Both platforms connect real-world assets with on-chain capital, but they take different approaches to structuring, risk, and recovery. Centrifuge pools assets into tokenized tranches. On.Chained isolates risk per loan and prioritises real-world enforcement.
| On.Chained | Centrifuge | |
|---|---|---|
| Primary model | Direct, contract-by-contract RWA lending | Tokenized asset pools with Tin/Drop tranches |
| Risk structure | Risk isolated per loan | Risk pooled and tranched across multiple assets |
| Collateral focus | Audited bullion, commodities, art, inventory | Invoices, real estate, revenue-based assets |
| Default handling | Enforcement-first work-out against collateral | Off-chain enforcement by asset originator / SPV |
| Liquidity model | Matched lending with defined tenor | Pool tokens trade on secondary markets |
| Best fit for | Borrowers and lenders who want isolated, audited collateral | Originators who want to securitize a portfolio |
On.Chained is built for asset owners and capital providers who want each loan tied to a specific, enforceable piece of collateral. If you hold vaulted bullion, warehouse commodities, or authenticated art and want to borrow against them without selling, the platform is designed around your workflow.
Centrifuge is strongest for originators with a portfolio of receivables or income-producing assets who want to pool and tokenize cash flows.
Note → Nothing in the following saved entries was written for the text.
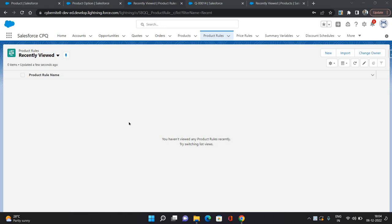Hello everyone, this is Abhishek Bagharwal. This is the second part of product tools in Salesforce CPQ. In this video, I'm going to show you how to set up filter and alert product tools in CPQ. So let's get started.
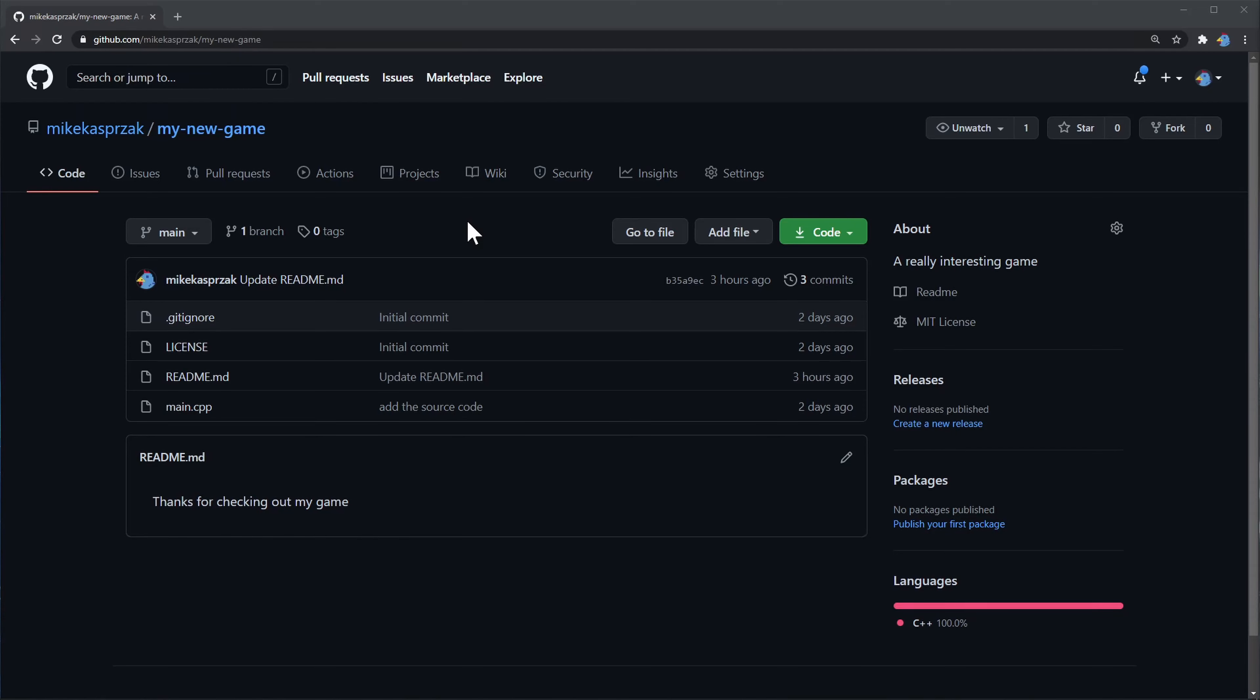Okay, you made something - a game, a piece of software, and you made it open source. Good for you. But most people don't want to download sources and build it themselves. Some people can't. How do you get your installer or your downloadable package onto GitHub?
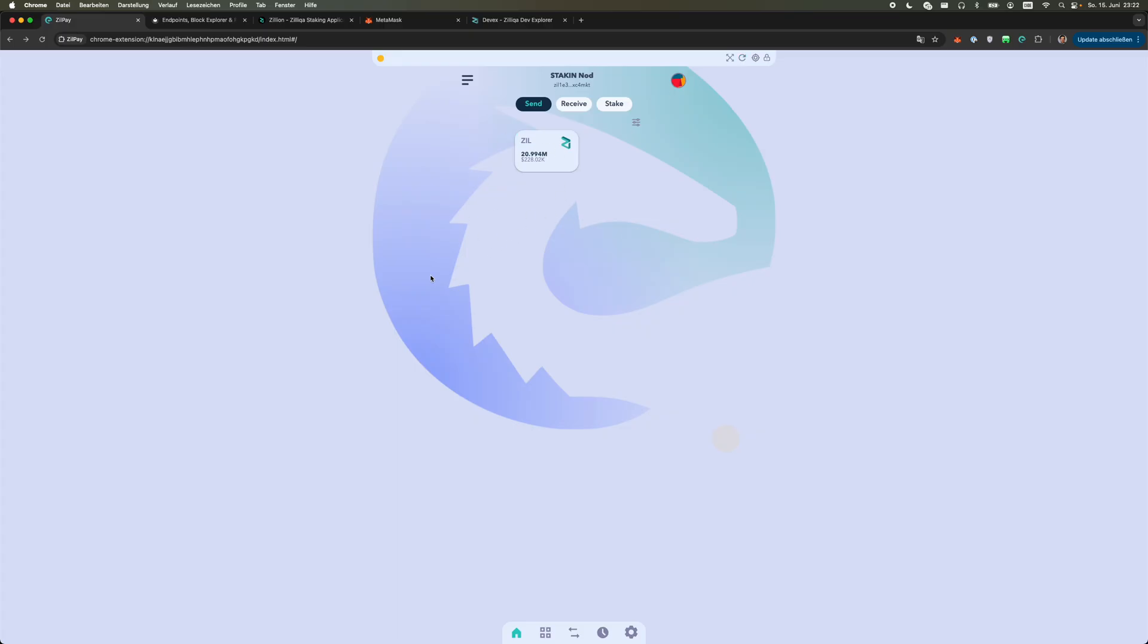So as a next step you may wonder how can I now interact with MetaMask because we are on Zilliqa 2 Proto Mainnet which is EVM first so you can obviously interact with MetaMask and that's the next step we look at.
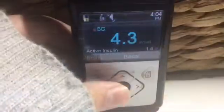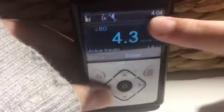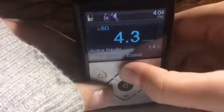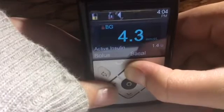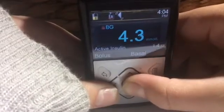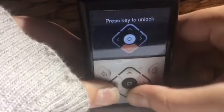Last but not least, this top bar up here. This bar shows you everything you might need to know. Again, I have another video for that which you can go check out now.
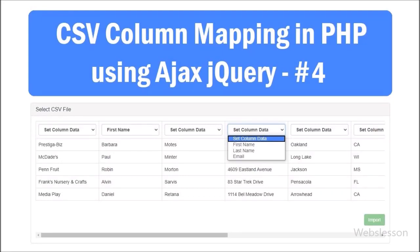Hello friends, this is the last part of the CSV column mapping tutorial with PHP script using AJAX jQuery. In this part, we will discuss how to import selected column data into a MySQL table by using PHP script with AJAX.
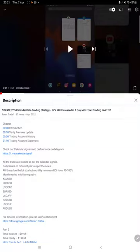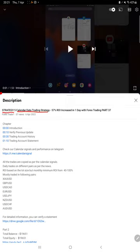Hello everyone, welcome to Forex Trade 1. Today we are updating Strategy 5, Calendar Data Trading Strategy Part 38. The last video was Part 37, published on 6th of April, and almost 8000 plus profit was booked. So we are back with a new update.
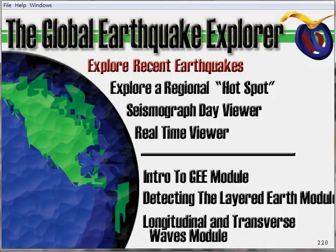Today I would like to introduce a high functioning tool for you guys. It's called the Global Earthquake Explorer. It can help you to explore recent earthquakes, to explore a regional hotspot, and to have a seismograph day viewer and a real-time viewer as well.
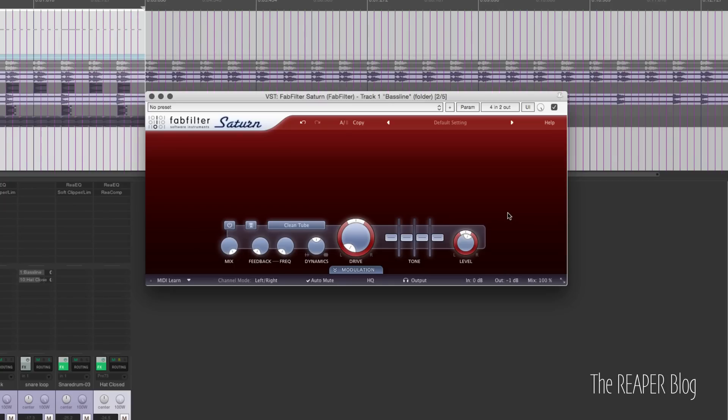Hey guys, welcome back to another ReaperBlog tutorial. In this video I'm going to give you a tour of FabFilter Saturn. It's a multiband distortion plug-in. It's not free — I got it for $77 on its anniversary sale, and it usually goes for much higher than that. Such a great plug-in. If you like this video, maybe check out the plug-in, give it a demo, and I think you will really like it.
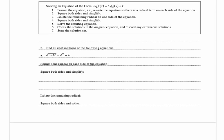In this box they give us steps for solving the equation of the form a times the square root of f of x equals b times the square root of g of x plus k, and we'll go through these steps one by one in the examples to follow. In number two they want us to find all real solutions of the following equations.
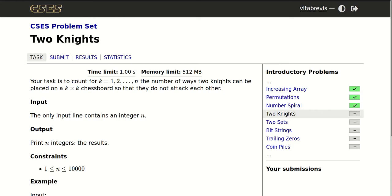Hello! Today we will be solving this problem called Two Knights. We need to find, for each value of k between 1 and m, the number of ways to place two knights on a k by k chessboard so that they do not attack each other.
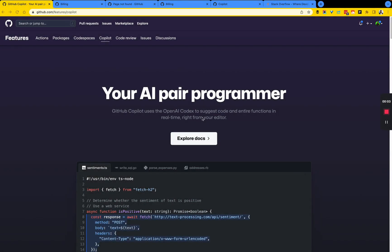Hello guys, Fru here. Welcome to the demo for today. Today we're going to be looking at GitHub Copilot.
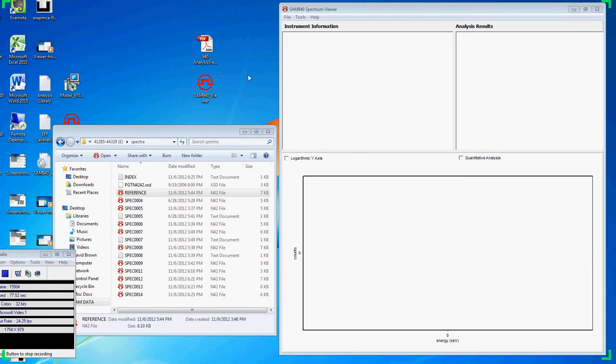In this example, we've moved the spectra folder from our compact flash card on the SAM 940 to the desktop of our PC.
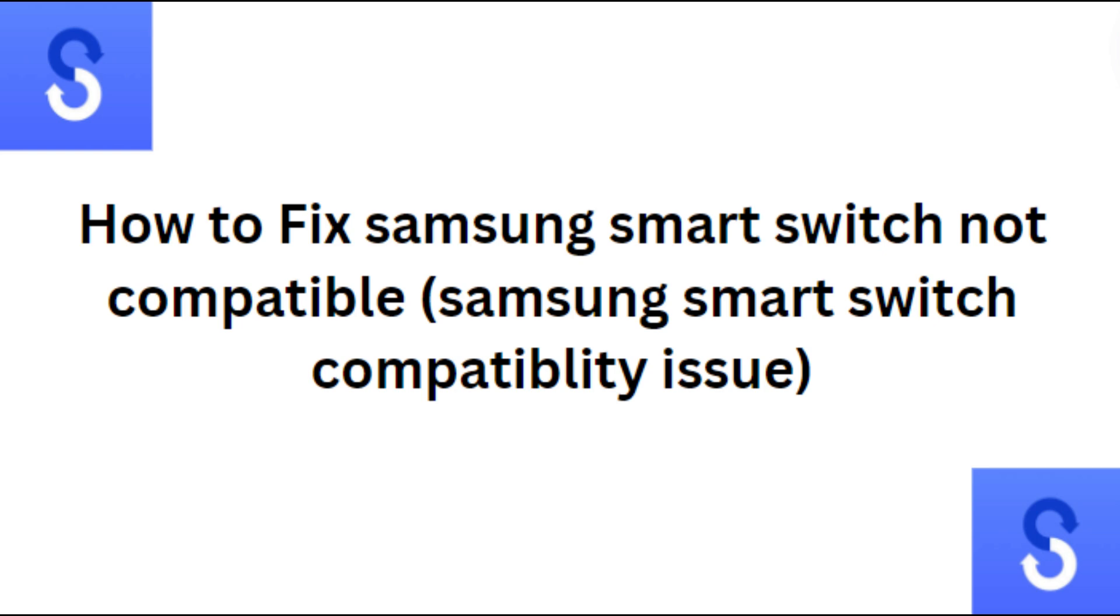Hi everyone, in today's video we will see how to fix Samsung Smart Switch not compatible issue. First, check device compatibility. Samsung Smart Switch is compatible with Android 4.3 or higher and iOS 4.2 or higher.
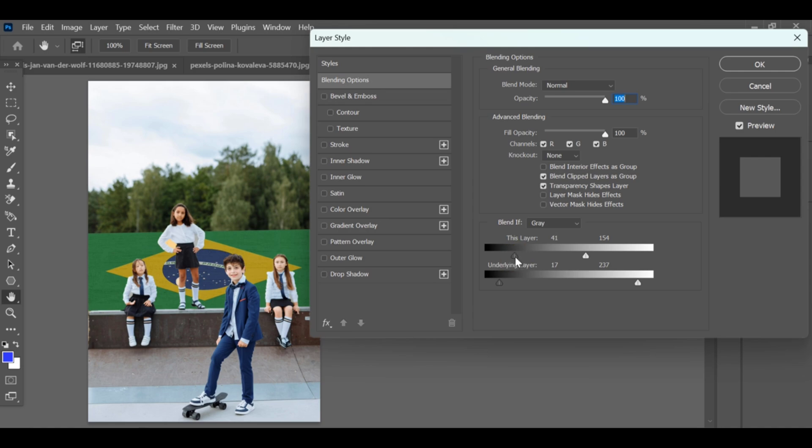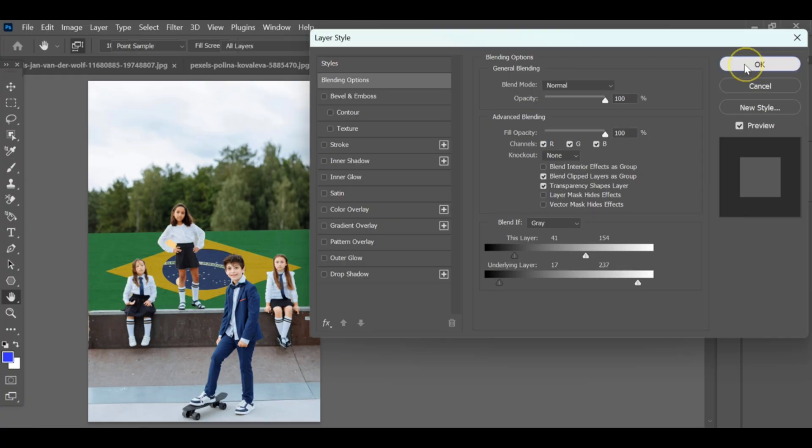If you feel the effect looks good, press OK, and that's how you can change the wall background while keeping the objects in front.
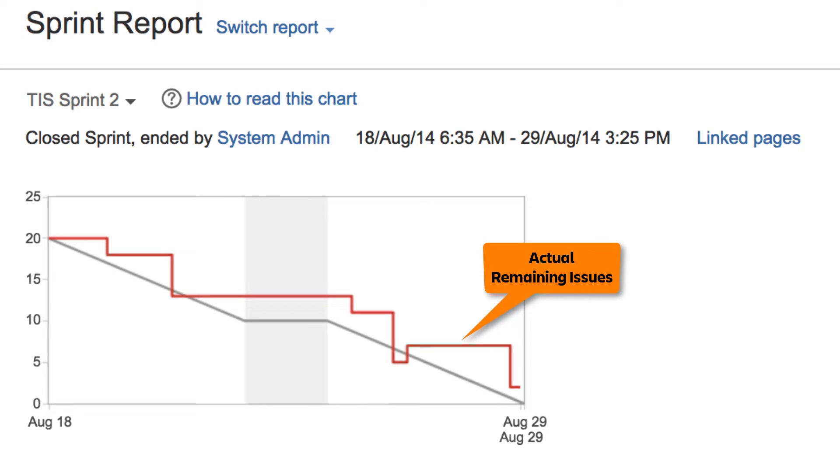The red line shows the actual progress of the Sprint as issues are completed and represents the number of issues remaining in the Sprint.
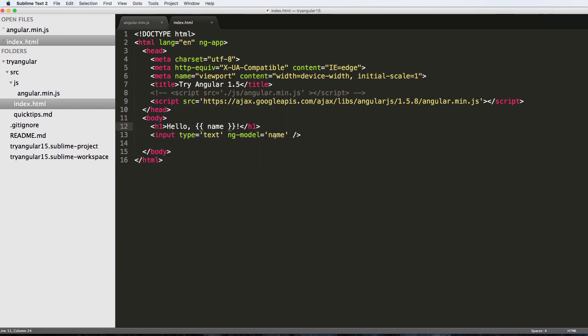I'll explain this in a second, but that is very simple two-way data binding.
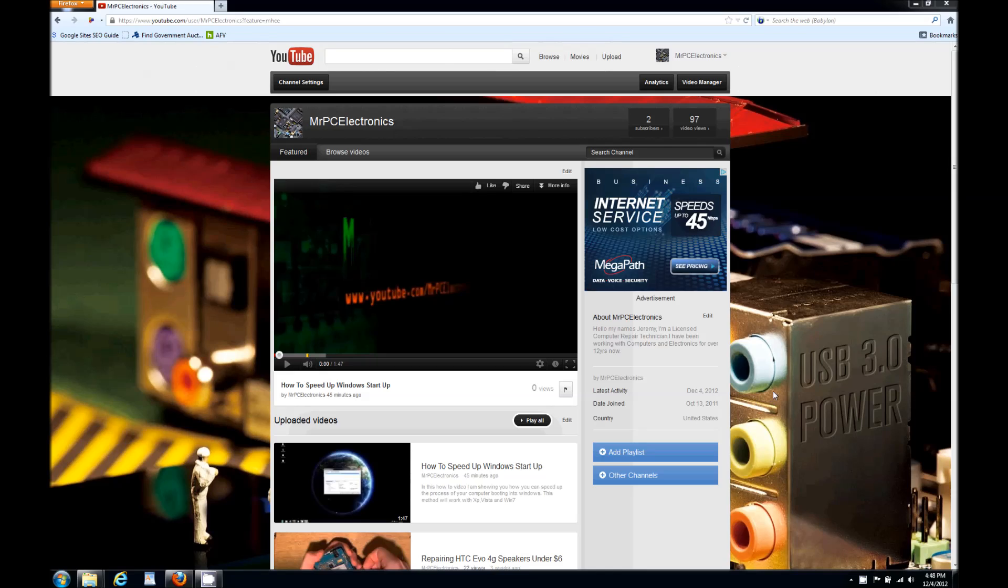Hey guys, how you doing? Mr. PC Electronics here. I get a lot of questions on how do you add other channels to your YouTube channel.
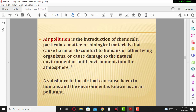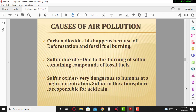A substance in the air that can cause harm to humans and the environment is known as an air pollutant. Substances such as sulfur dioxide, carbon dioxide, various gases, and particulate matter are called air pollutants.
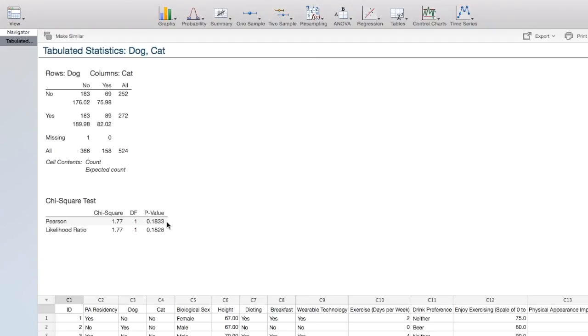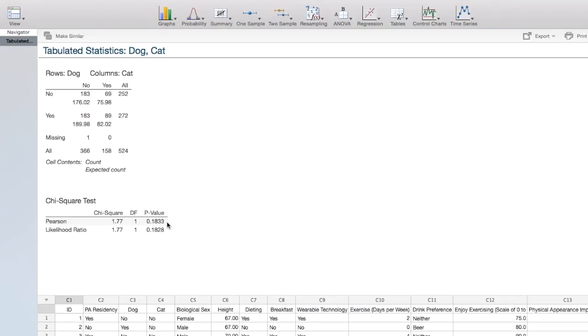Step 4 is to make a decision. Our p-value is greater than the standard alpha level of 0.05, so we are going to fail to reject the null hypothesis. Step 5 is to state our conclusion in terms of the original research question. There is not evidence of a relationship between dog ownership and cat ownership in the population of all World Campus STAT 200 students.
The tranche structure lets different investors take different risk profiles across the same pool.
On.Chained's core difference is that recovery planning starts before the loan is originated. We underwrite based on what can be claimed and enforced in the real world — custody arrangements, security interests, and legal remedies — rather than assuming a market exit. This matters most for collateral that cannot be sold instantly without loss.